Saturday, April 26, 2008

On Streams and Events

The picture above is taken from a UCLA project that deals with multimedia stream systems. While the term "data streams" and later "event streams" that deals with continuous queries over structured data, have been introduced in the last decade in the database research community (with spin-off to products), the term "streams" has more general and more traditional meaning - referring to multimedia streams - video, voice, news etc... - which by nature belong to the family of unstructured data. In previous posting I discussed some of problems around "event stream processing", and around classification of event processing technologies. However, in this posting, I would like to point out that "stream processing" in its more traditional meaning is an important complementary technology to event processing.

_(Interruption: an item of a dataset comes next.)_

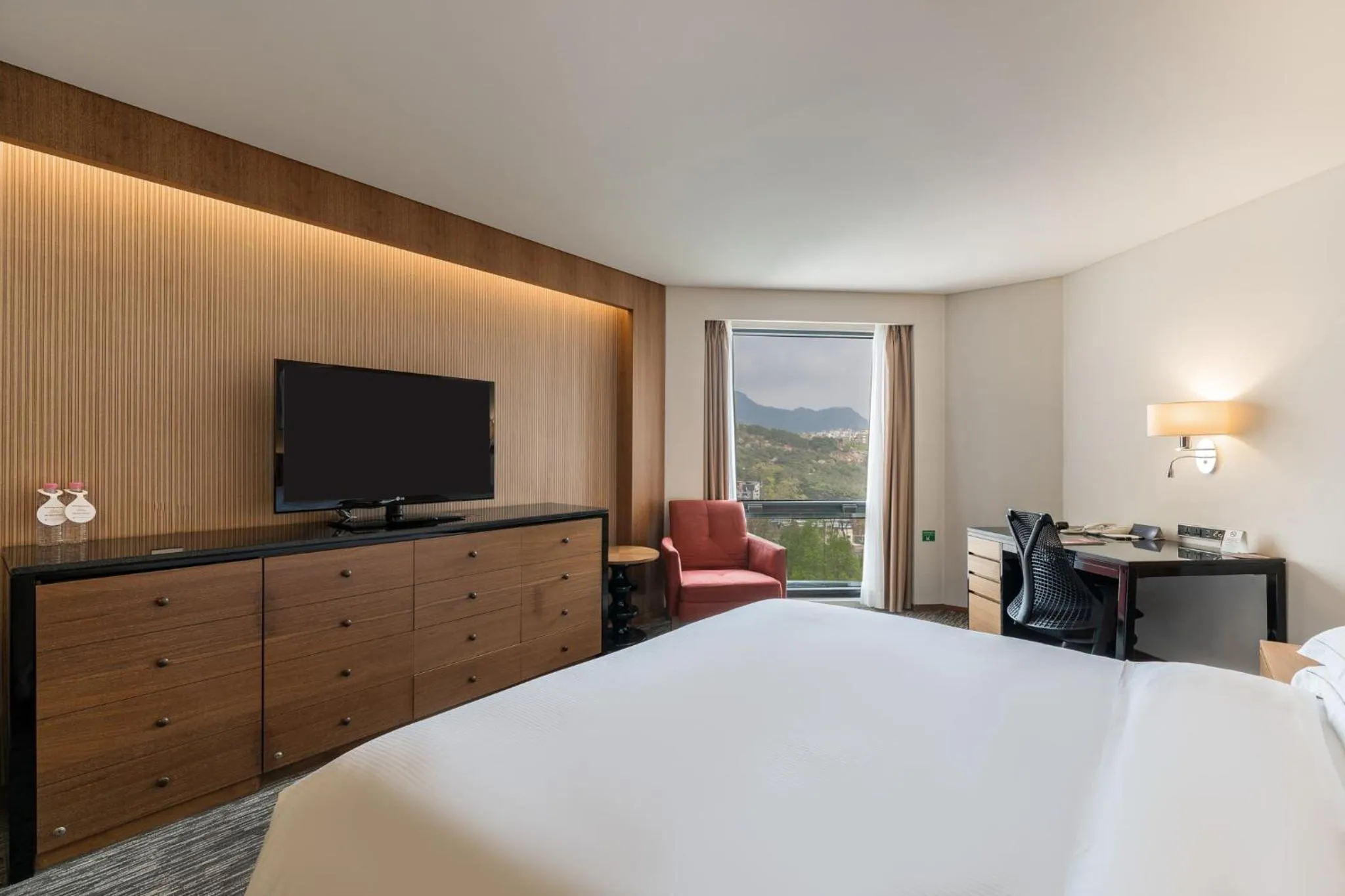 Bed in Swiss Grand Hotel Seoul & Grand Suite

First - the result of stream processing is in detection that an event has happened. Examples are: detection of vehicle's registration plate in automatic toll roads (we have in Israel one of these roads, there are other roads like this in Canada and Sweden - and maybe in more places), where the event "vehicle with registration plate X entered the highway in entrance Y in time T". This can be further processed (after correlating to the exit event) for billing purposes, but can also serve for security and other applications. In this case, from the event processing architectural view, the "stream processing" is done in a producer application, which generates events that are processed in the event processing system.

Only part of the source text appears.